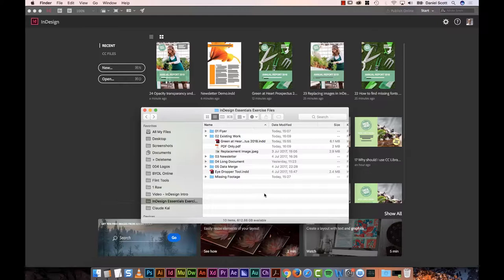You can place it and it will stick it in like an image, but you can't adjust it. The way to adjust it is that hopefully you're a Creative Cloud subscriber and you've got something called Acrobat Pro or Acrobat DC. If you don't have that installed, go and do that.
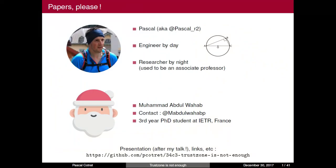Thanks for the introduction. I'm an engineer by day in a French company, working as an embedded system security engineer. But this talk is mainly about my spare time activity as a researcher and hacker. This work was done with a PhD student called Muhammad, a third-year student in a French lab. This talk is mainly a presentation of our work about embedded system security, especially the debug components available in ARM processors.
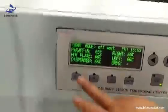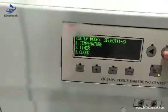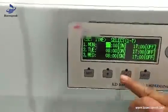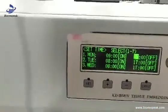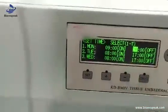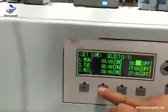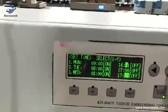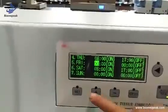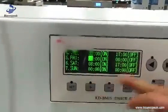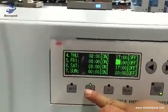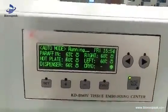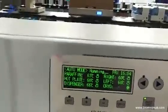We can also set the automatic mode. First, go to the work mode, then set the time for each day of the week: Monday, Tuesday, Wednesday, Thursday, Friday, Saturday, and Sunday. Set the automatic switch-on and automatic switch-off times that you want. Then press the automatic mode key and the machine will go to automatic mode.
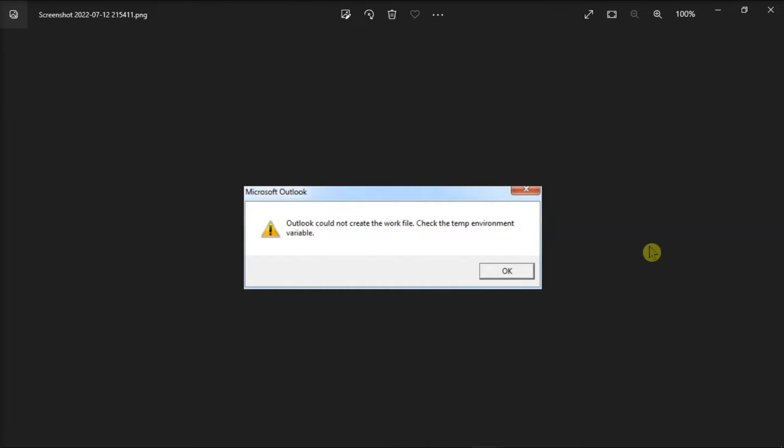When you launch your Microsoft Outlook, you may occasionally get the following error message. So to fix this error, here are some methods that we will show you in this video.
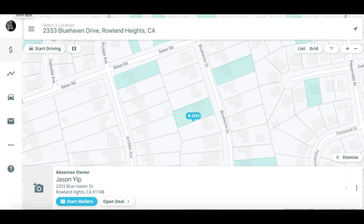What's going on guys, Don over at Beast Mode CRM and REI Automation. Just going to go over a connection point with Deal Machine and Beast Mode CRM. Had a question in the Podio Facebook group on how to make that happen — what that looks like using Zapier — so that's what we'll specifically talk about today.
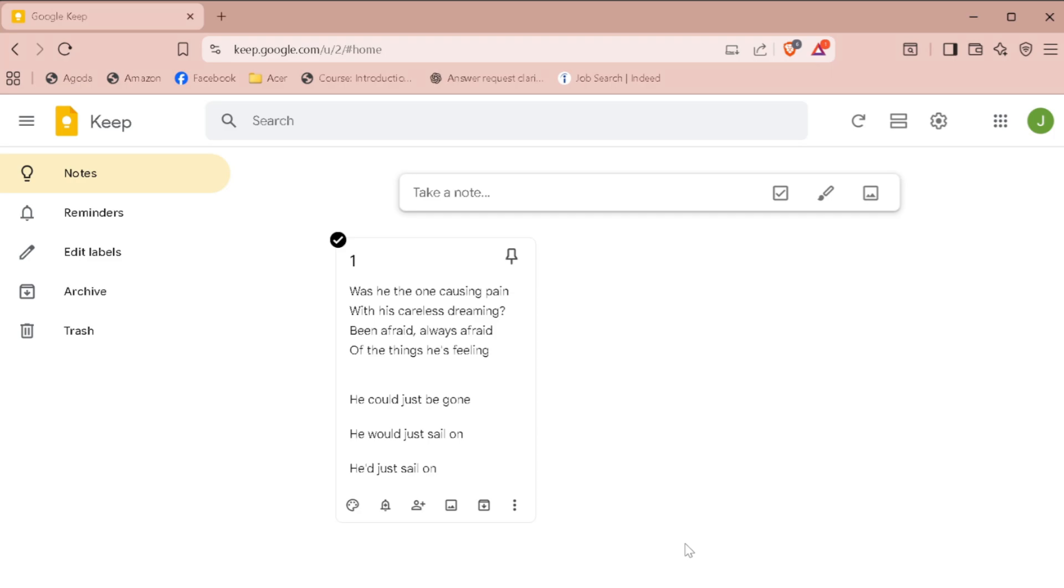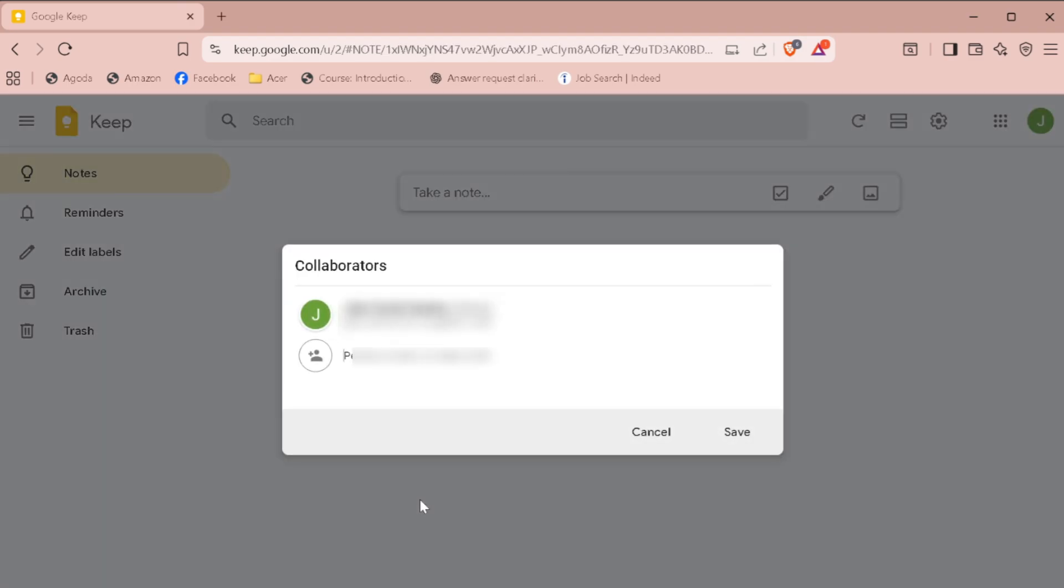Now, find the note you want to transfer and click on the collaborator icon. That's the little person with a plus sign.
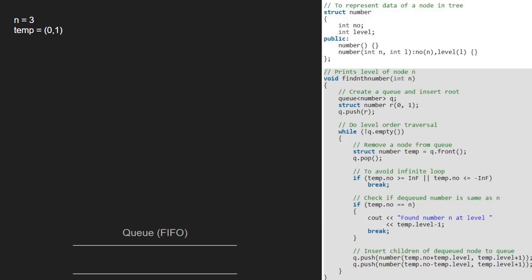Next, we check if the number part of temp is greater than infinity or less than minus infinity. We take infinity as a very large number as macro. Since neither of the conditions are true,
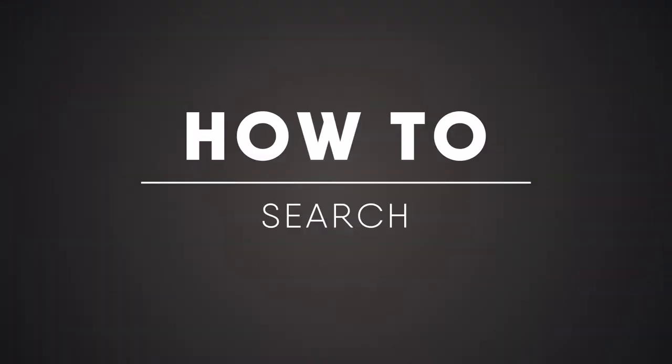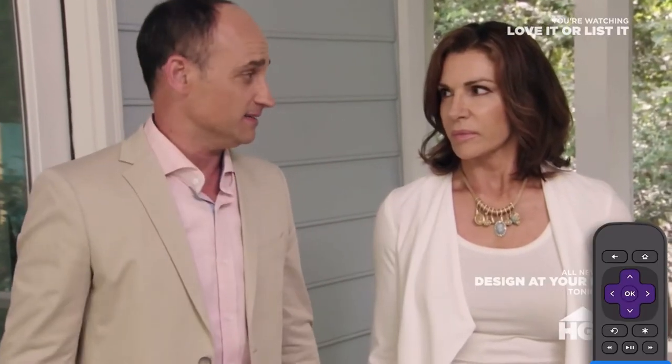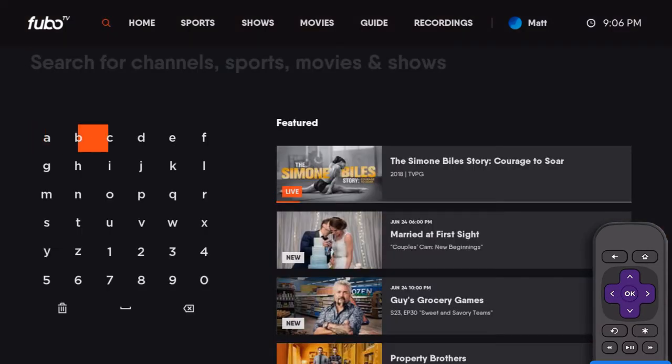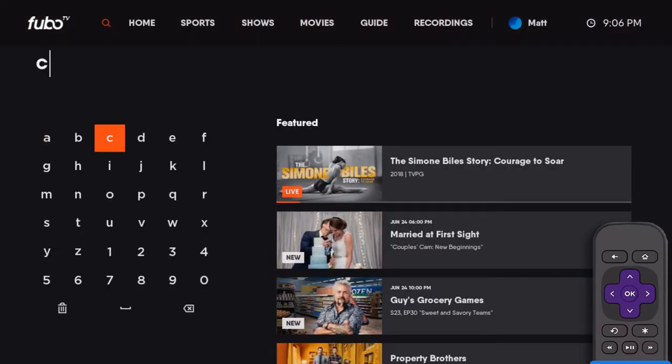Quickly find a show, movie, or sporting event using search. To open search, select the magnifying glass icon. Enter a movie, show, team, or league name.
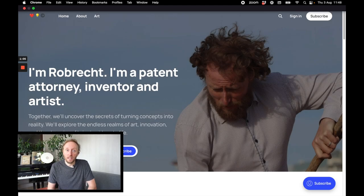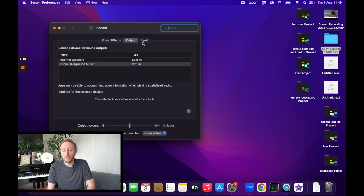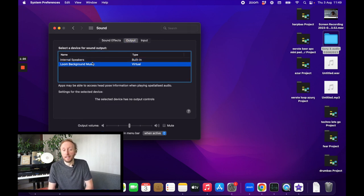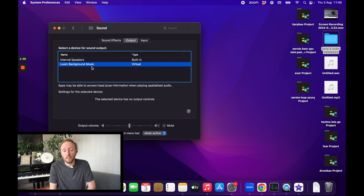The next step is opening Settings on your Mac. Go to Sound, and then for the input select Internal Microphone, or if you're using another microphone select that one. In the output section — this is important — you need to select the Loom Background Sound. This Loom Background Sound entry will only appear after you start recording your Loom video, and as soon as you stop recording it will disappear again.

---*---

Pictures stay out of the answer; the rest of the listing above is returned exactly.

You can place it and it will stick it in like an image, but you can't adjust it. The way to adjust it is that hopefully you're a Creative Cloud subscriber and you've got something called Acrobat Pro or Acrobat DC. If you don't have that installed, go and do that.
Thanks for the introduction. I'm an engineer by day in a French company, working as an embedded system security engineer. But this talk is mainly about my spare time activity as a researcher and hacker. This work was done with a PhD student called Muhammad, a third-year student in a French lab. This talk is mainly a presentation of our work about embedded system security, especially the debug components available in ARM processors.
We can also set the automatic mode. First, go to the work mode, then set the time for each day of the week: Monday, Tuesday, Wednesday, Thursday, Friday, Saturday, and Sunday. Set the automatic switch-on and automatic switch-off times that you want. Then press the automatic mode key and the machine will go to automatic mode.
When you launch your Microsoft Outlook, you may occasionally get the following error message. So to fix this error, here are some methods that we will show you in this video.
What's going on guys, Don over at Beast Mode CRM and REI Automation. Just going to go over a connection point with Deal Machine and Beast Mode CRM. Had a question in the Podio Facebook group on how to make that happen — what that looks like using Zapier — so that's what we'll specifically talk about today.
Now, find the note you want to transfer and click on the collaborator icon. That's the little person with a plus sign.
Next, we check if the number part of temp is greater than infinity or less than minus infinity. We take infinity as a very large number as macro. Since neither of the conditions are true,
Quickly find a show, movie, or sporting event using search. To open search, select the magnifying glass icon. Enter a movie, show, team, or league name.
The next step is opening Settings on your Mac. Go to Sound, and then for the input select Internal Microphone, or if you're using another microphone select that one. In the output section — this is important — you need to select the Loom Background Sound. This Loom Background Sound entry will only appear after you start recording your Loom video, and as soon as you stop recording it will disappear again.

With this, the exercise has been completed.